Background and Facts
In 2002, four home robberies took place in Mississauga, Ontario. In each home invasion, perpetrators armed with guns and knives broke into residential houses early in the morning. After binding the residents, the perpetrators ransacked the homes and abused the residents. During different incidents, an elderly woman was confined and an 8-year-old girl was assaulted. The perpetrators went as far as to carve a dollar sign into a man’s back with and knife, and a woman was sexually assaulted in which a gun was placed in both her mouth and vagina. Tran actively participated in the robberies. After his accomplices were arrested, he followed his counsel’s advice and turned himself in to police on March 27, 2003. During his transfer from Hamilton to the Peel Regional Police department, Tran was assaulted by two Peel officers, who punched him in the ribs and face. Tran was left with a broken jaw in two places and permanent damage.

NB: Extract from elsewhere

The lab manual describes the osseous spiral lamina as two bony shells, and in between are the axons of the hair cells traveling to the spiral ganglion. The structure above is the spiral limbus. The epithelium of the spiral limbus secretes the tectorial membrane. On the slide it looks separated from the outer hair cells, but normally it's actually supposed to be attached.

Police officers Conway and Vander Wier gave a different story, stating Tran had sustained his injuries by way of a bad fall. At trial, expert medical evidence led the trial judge to believe Tran’s version of events. Officer Vander Wier was present during the trial, and was in constant contact with key Crown witnesses, which Tran argued constituted witness tampering. Finding that Tran’s rights under ss. 7 and 12 of the Canadian Charter of Rights and Freedoms were breached, the judge used s. 24(1) of the Charter to determine an appropriate remedy.
Section 24(1) states:
Anyone whose rights or freedoms, as guaranteed by this Charter, have been infringed or denied may apply to a court of competent jurisdiction to obtain such remedy as the court considers appropriate and just in the circumstances.
The trial judge had two options available: either stay the proceedings or reduce the sentence according to the circumstances. By weighing the seriousness of Tran’s crime against the seriousness of the breach (note: no evidence at trial was affected by the police misconduct) the judge opted for a sentence reduction, finding the situation was not one of those “clearest of cases” where a stay is preferred.

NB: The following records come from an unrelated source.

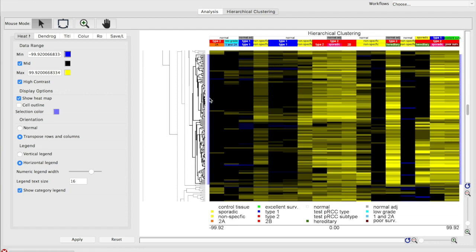Once we had selected these genes, we then made a list of them using Partek Genomic Suite, and then copied and pasted them into the networking platform String, which is a free product, and Pathway Studios, which is a commercial product for bioinformatics analysis.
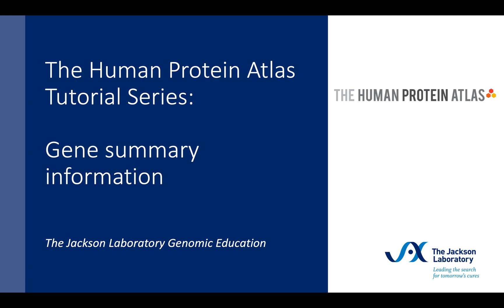Welcome to the Human Protein Atlas tutorial series brought to you by the Genomic Education Team at the Jackson Laboratory. This short video will introduce you to the Human Protein Atlas and will demonstrate how to search for a gene of interest and to find summary information about that gene.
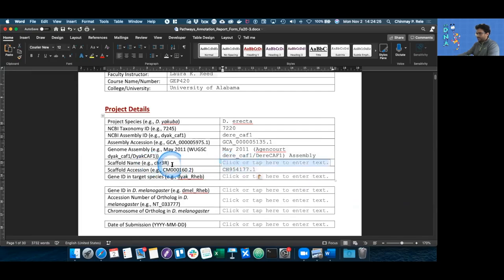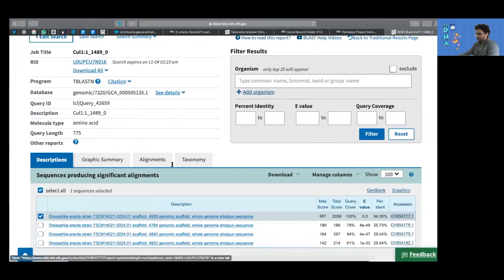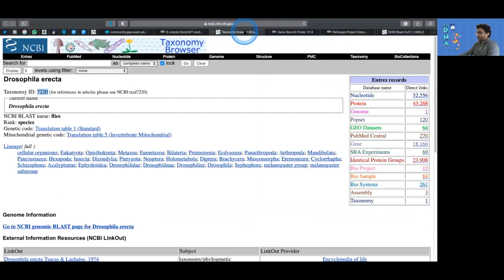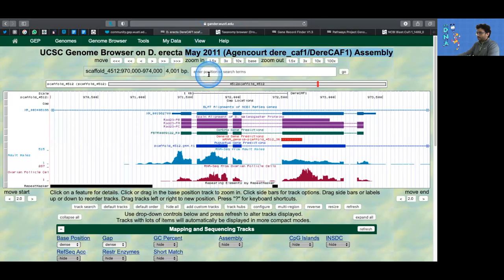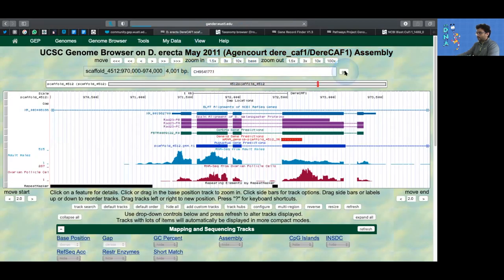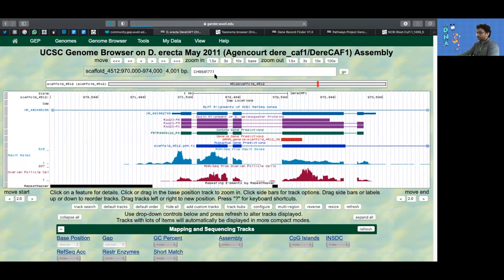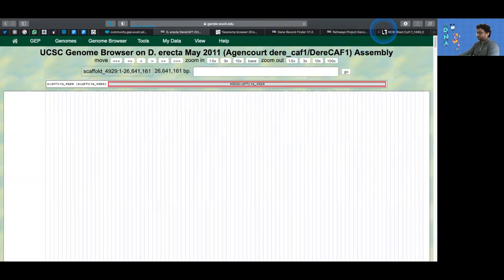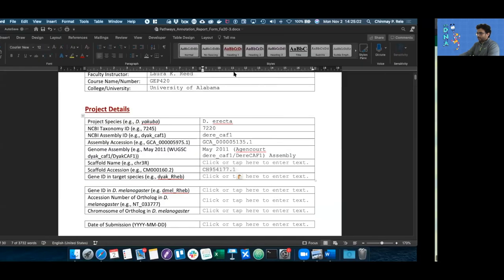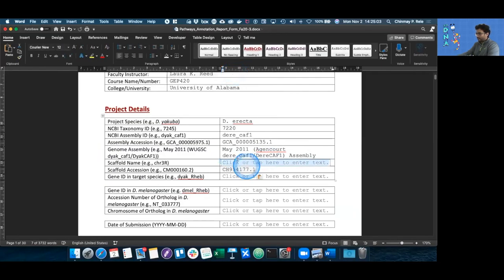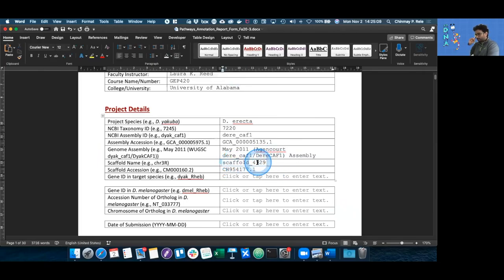And as always, keep text only. Then the scaffold name, you can get by going back to your genome browser and pasting in the accession number of the scaffold, which should take you to your scaffold of interest. In this case, it's going to be scaffold 4929. You can either copy and paste it or you can just type it in.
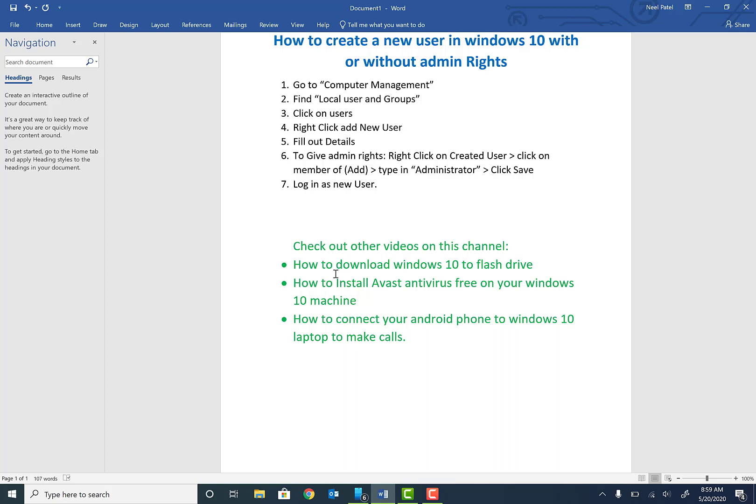Also don't forget to check out other videos on this channel: how to download Windows 10 to your flash drive, install the best antivirus, and connect your Android phone to your laptop or desktop so you can make phone calls wirelessly.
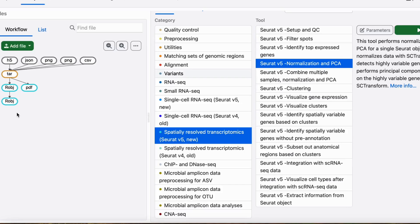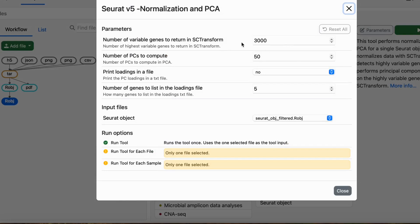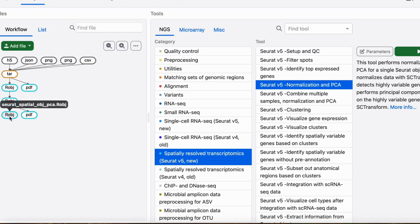We can select the Seurat object after the filtering step and select the values for the parameters. We can choose the number of variable genes to return in SCTransform, and the number of computed PC components. We can also choose whether we want to print the PC loadings in a text file. After running the tool, it outputs a Seurat object, PCA plots, and optionally the PC loadings text file. The PCA plots can be helpful in selecting the number of PCs for the next clustering step.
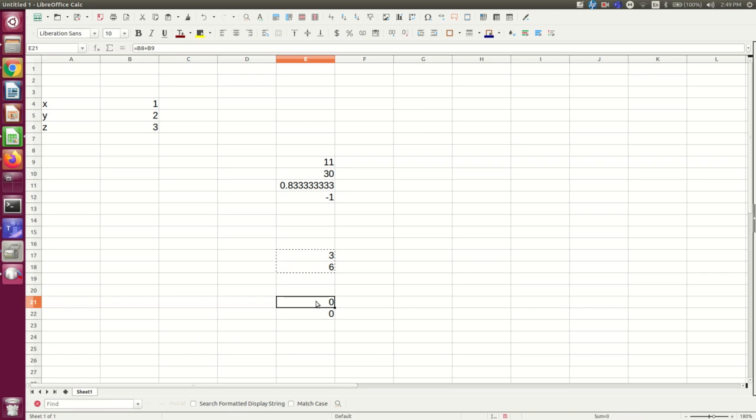So if I click into this one and click the input line, you see that it's referring to these two empty cells.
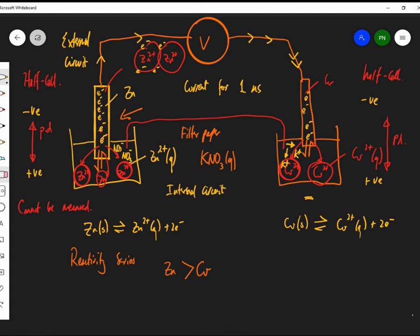As electrons flow through the external circuit, the copper side becomes more negative, so K⁺ ions come off the salt bridge to counteract that. The zinc side loses electrons and becomes more positive, so NO₃⁻ ions come off the salt bridge on that side. This is the internal circuit. The salt bridge cannot be made of metal — that would contaminate the half cells and create its own potentials.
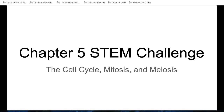One of the things that you might be curious about is the fact that we all started as one cell, yet now we're trillions of cells. So how did that happen? How do cells divide and how do they keep multiplying? Well, that's what this chapter is about.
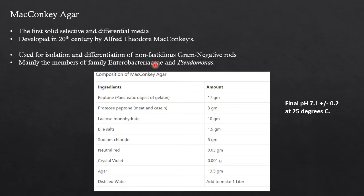Fastidious organisms are stubborn — they require some crucial ingredients in order to grow. Non-fastidious organisms are not that selective towards ingredients and can grow on any media. Mainly the members of the family Enterobacteriaceae and Pseudomonas are the organisms tested on this medium.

Stay of Proceedings versus Sentence Reductions
Judges have two options available when granting a Charter remedy.
First, as set out in R. v. Glykis (1995), 84 O.A.C. 140 (C.A.), a sentence reduction is available in two situations: (i) if the breach mitigates the seriousness of the offence, or (ii) if the breach imposes additional punishment to the accused. Reducing a sentence remedies excessive force by the police through a lighter sentence – which implicitly recognizes the police brutality as a more unorthodox and unacceptable method of “punishment.”
The second option available to a judge is a stay of proceedings, which is an indefinite suspension of judicial proceedings with no adverse effect on one’s criminal record. In R. v. Mack, [1988] 2 S.C.R. 902, the SCC held that a stay is preferable when it is necessary to communicate that unacceptable state conduct will not be condoned. The purpose of a stay of proceedings (as a remedy) is to maintain the public’s confidence in the legal process.

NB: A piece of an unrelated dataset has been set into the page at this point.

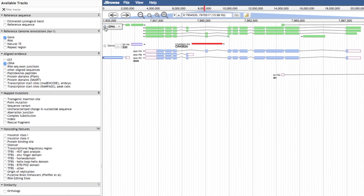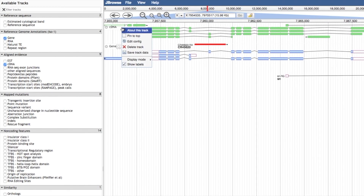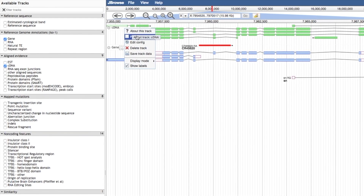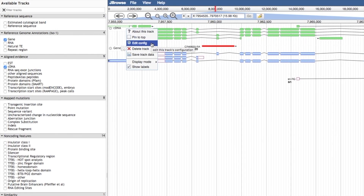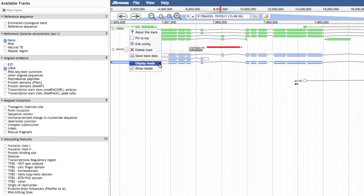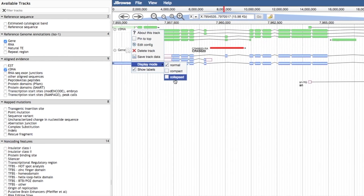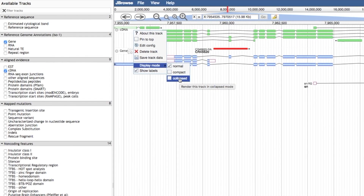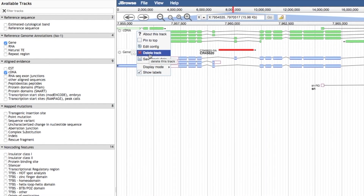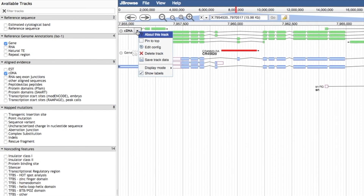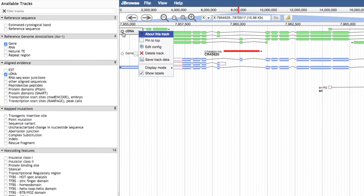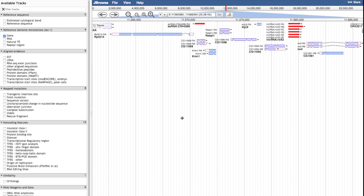The dropdown menu on the track title gives you various options, including pinning a track to the top of the genome browser view, saving particular track data, or changing the display mode to suit you. If you use this menu to delete a track, it also removes it from the left-hand side of Available Tracks. You will need to refresh the page to restore default tracks. You can also remove a track by clicking X in the track label panel within the genome viewer.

The law was further developed in Canada (Minister of Citizenship and Immigration) v. Tobiass, [1997] 3 S.C.R. 391. Drawing on the previous decision of R. v. O’Connor, [1995] 4 S.C.R. 411, which stands for the precedent that a stay is an “exceptional remedy to be employed as a last resort,” the SCC held in Tobiass that a stay is warranted if the Crown has acted in a way as to negatively affect the integrity of the administration of justice. The SCC outlined two criteria to be met in determining whether the administration of justice would be called into question.
(i) The prejudice caused by the abuse in question will be manifested, perpetuated or aggravated through the conduct of the trial, or by its outcome; and
(ii) No other remedy is reasonably capable of removing that prejudice.
The court also held that there may be a third criterion if it is unclear the abuse in question is sufficient. In those cases, the court held that the interests of granting a stay must be balanced against the interest society has in coming to a final decision.
For the purposes of Tran’s case, paragraph 96 of the Tobiass decision is useful.
[I]f a past abuse were serious enough, then public confidence in the administration of justice could be so undermined that the mere act of carrying forward in the light of it would constitute a new and ongoing abuse sufficient to warrant a stay of proceedings. However, only an exceedingly serious abuse could ever bring such continuing disrepute upon the administration of justice. It is conceivable, we suppose, that something so traumatic could be done to an individual in the course of a proceeding that to continue the prosecution of him, even in an otherwise unexceptionable manner, would be unfair.
The Ontario Court of Appeal: A Classic Catch-22 Situation
Writing for an unanimous Court of Appeal, Epstein J.A. held that the trial judge erred, stating that the case was “sufficiently serious” and the police conduct jeopardized the perception of trial fairness. Tran was granted a stay of proceedings.
With one reservation, I consider the Court of Appeal's decision to be a logical application of the law.
My reservation is concerning the meaning of “exceptionally”. Epstein J.A. held that the assault to the face Tran experienced was “more than sufficiently serious to warrant a stay.” Referencing the above quote from Tobiass, supra para. 96, it seems to be that the bench in Tobiass wished to reserve this particular remedy for “the worst of the worst.” Particularly, I focus on the phrase “it is conceivable, we suppose.” This wording implies that the serious conduct must be simply atrocious in order to stop a prosecution. I question whether the bench in Tobiass would have classified a broken jaw as “exceedingly serious.” Nonetheless, the judiciary has discretion and exercised it.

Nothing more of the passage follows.